When the triple Inverse ETF DUST rallied from $65 to $110 a couple weeks ago, several people remarked to me, "This DUST ETF rallies every day. Why don't you just put all your money in this thing and trade nothing else?!" Well, this week you found out why you can't put all your money in DUST.

I Was Not Early.....I Was Wrong......Now What!

I just rode through a horrific selloff in DUST this week, while missing a great easy rally in NUGT. I was not early, I was just plain wrong. Now what do I do? Fortunately, I was very conservative in my trading and can recover. But it will take a plan. First let me say that I trade DUST in my IRA because trading in this speculative leveraged stock is an extreme gamble, just like life.
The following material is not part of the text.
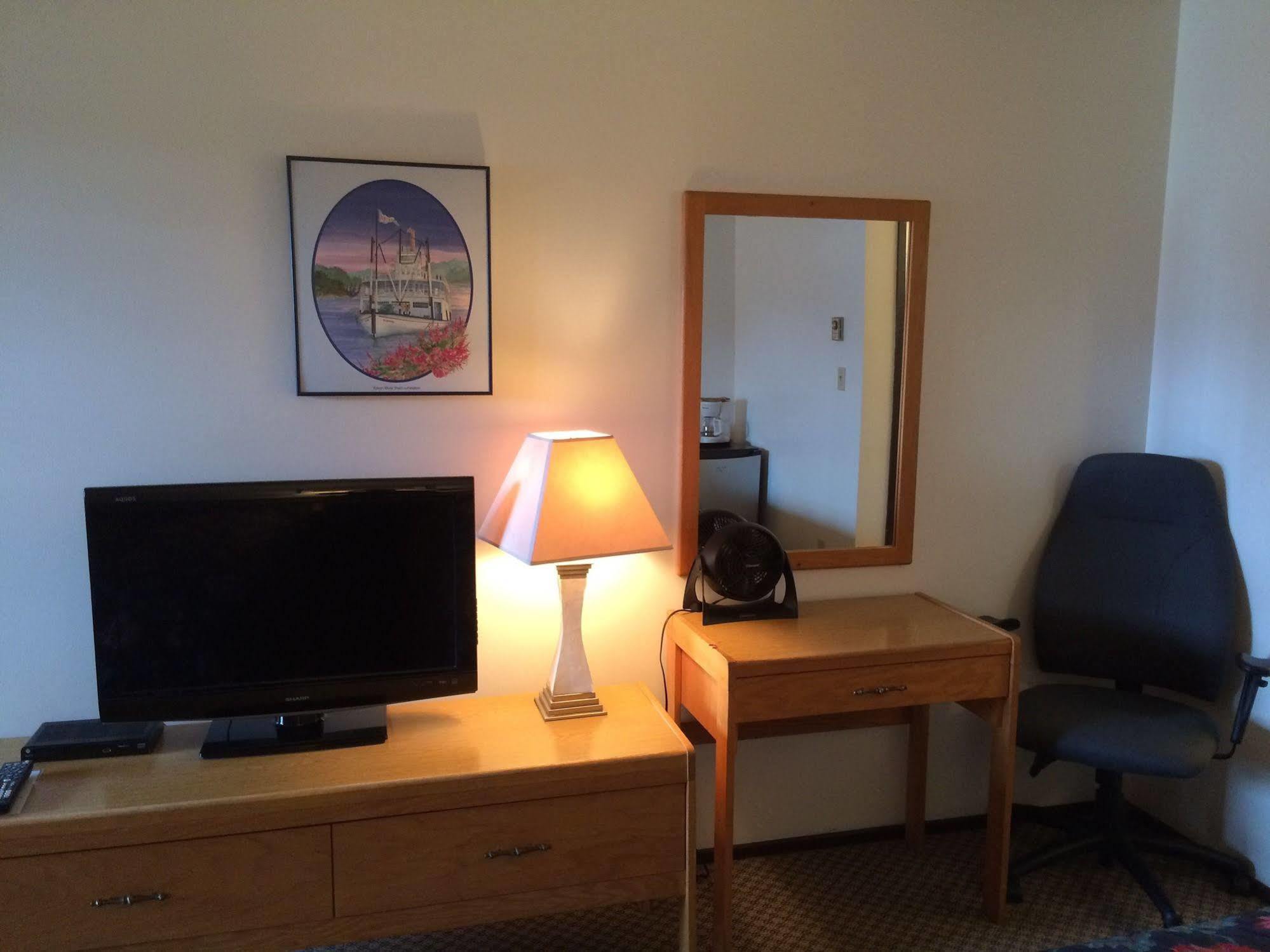 Airport Chalet Whitehorse Exterior foto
I never plan to retire and will not touch my IRA until forced to withdraw funds so I am not too worried about whether or not I build a nest egg. My wife is conservative and her IRA should take care of her. We have three successful companies and figure we will survive just fine even if I blow all the funds in my IRA. I don't want to blow it because then I would lose out on the fun of trading. Therefore after a big drawdown, I always get serious and build it back up. To ensure I don't blow it, I need a plan.

Setting Up a Fun IRA Trading Account That Does Not Go Broke Playing DUST Or NUGT, Etc.

Suppose I had $100,000 in my IRA. I would only use 40% of the funds for speculative plays like DUST, or $40,000. Of the $40,000, I would put an initial $20,000 in DUST and keep $20,000 for backup. Why? Because DUST is triple leveraged. If GDX goes up 10%, then DUST falls 30%. If GDX has a rally of 33% straight up, then I would lose 99% of my investment in DUST. You cannot recover from that loss without adding more funds. The extra 20% is there to bail you out.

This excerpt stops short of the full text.